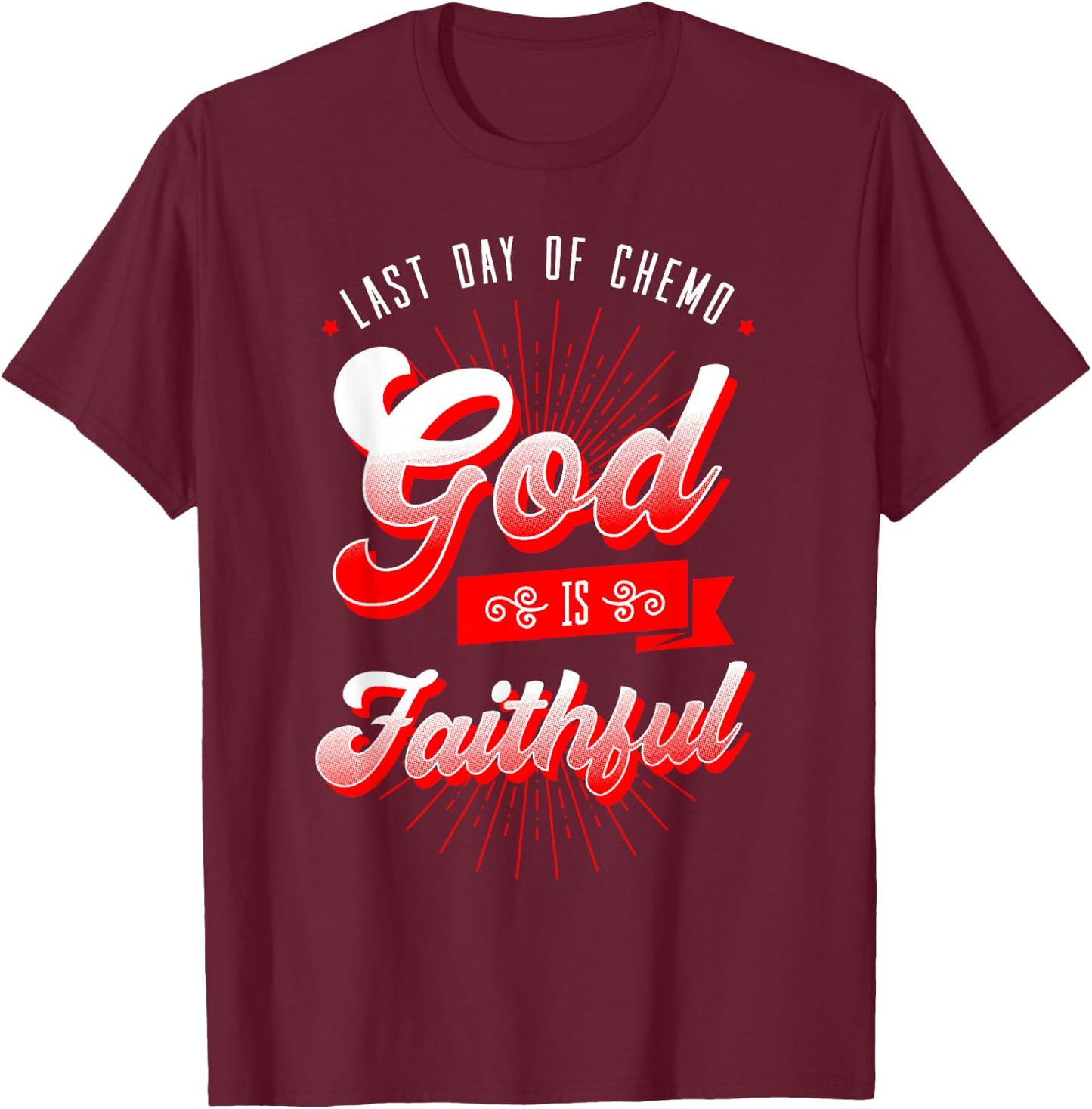 Last Day Of Chemo Shirt Oncologist Chemotherapy Jesus Gift T-Shirt - T-Shirt | Maroon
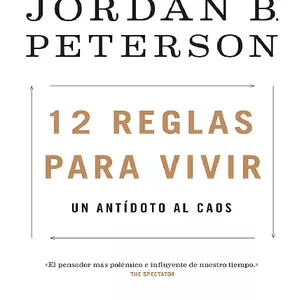 Imagen de portada para Ebook 12 reglas para vivir: Un antídoto al caos de Jordan B. Peterson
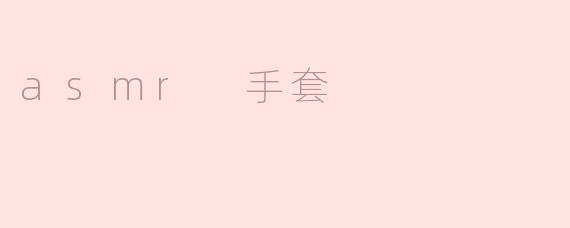 ### ASMR手套：声音与触觉的完美结合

☆ ☆ ☆

Transcribe all the lines above exactly; any image among them is skipped.

> [REPLY]:
 Last Day Of Chemo Shirt Oncologist Chemotherapy Jesus Gift T-Shirt - T-Shirt | Maroon
 Imagen de portada para Ebook 12 reglas para vivir: Un antídoto al caos de Jordan B. Peterson
 ### ASMR手套：声音与触觉的完美结合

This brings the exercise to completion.